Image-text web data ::

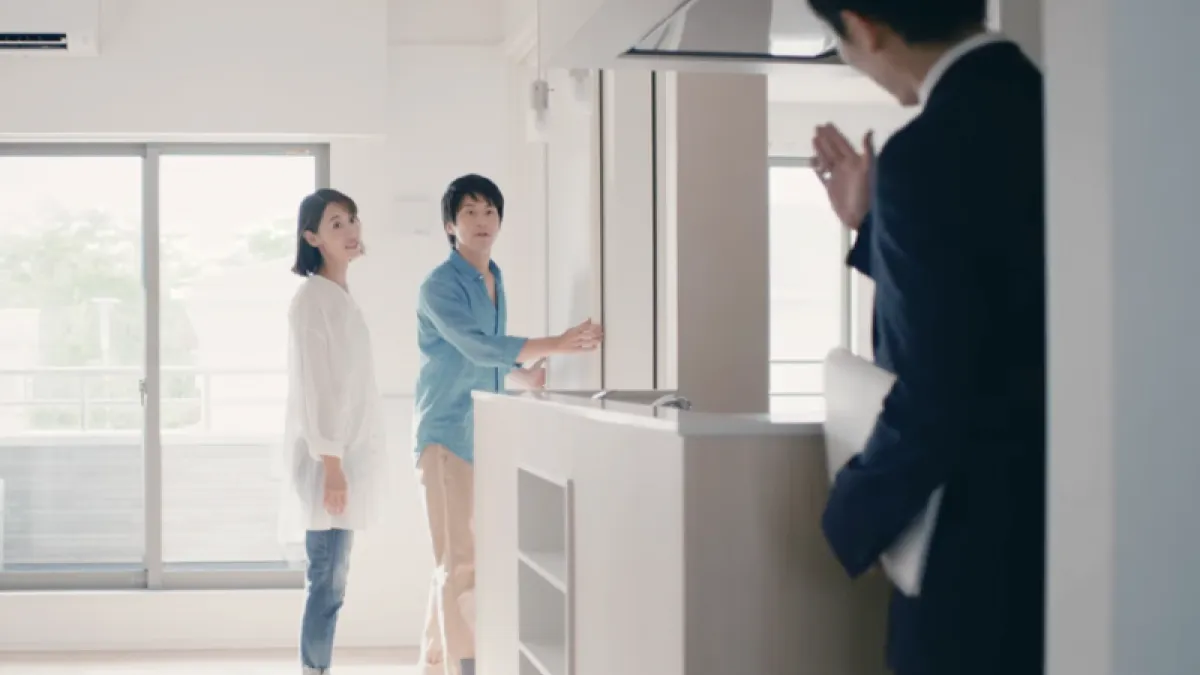 (示意圖非本人/ moviecollectionjp@youtube)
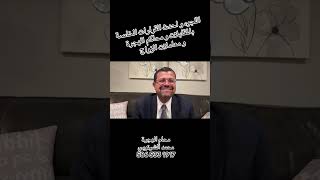 Download lagu August 12, 2025 mp3 Download lagu August 12, 2025 mp3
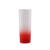 Long Drink Degradê - Vermelho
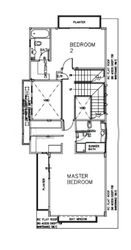 Meyer Road (D15), Terrace #563193771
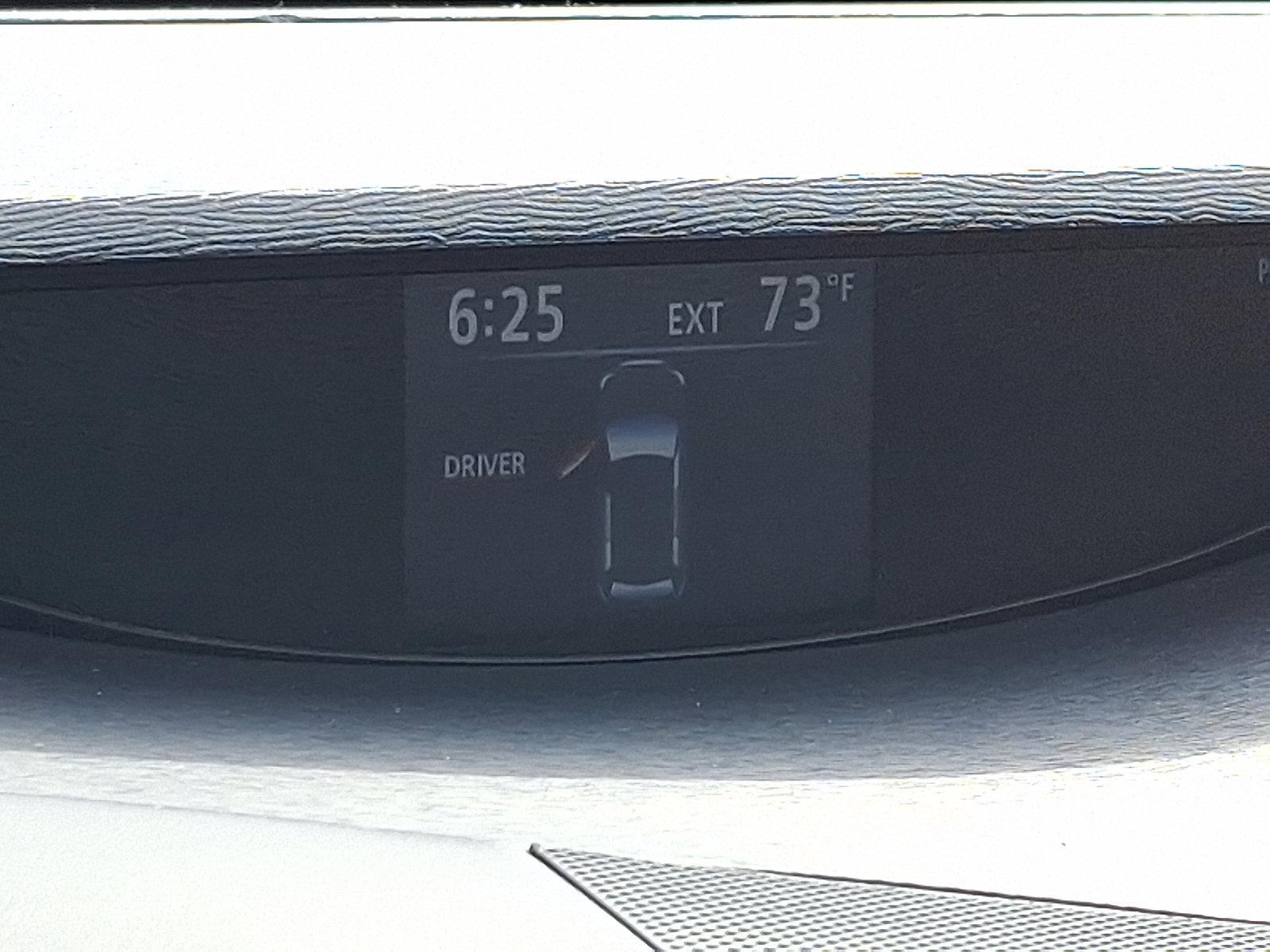 2014 Toyota Venza Vehicle Photo in Trevose, PA 19053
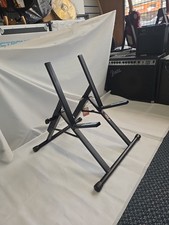 Stagg GAS-5 Amplifier/ Monitor Floor Stand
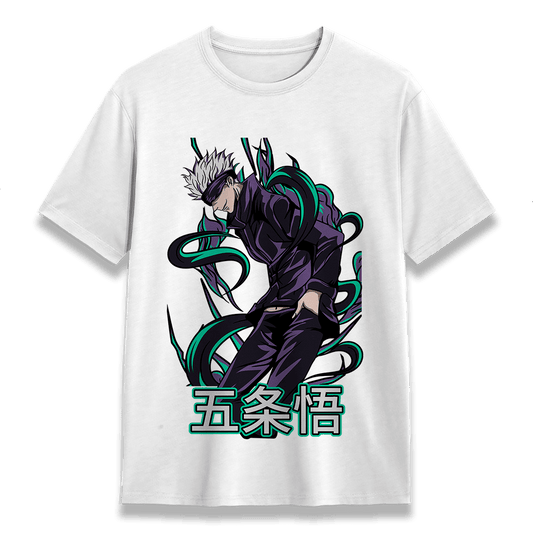 Jujutsu Kaisen 12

Requirement :: Please write out the lines above exactly, from the one that contains "Stagg GAS-5 Amplifier/ Monitor Floor Stand" through the final line, and include none of the pictures.

Result ::
 Stagg GAS-5 Amplifier/ Monitor Floor Stand
 Jujutsu Kaisen 12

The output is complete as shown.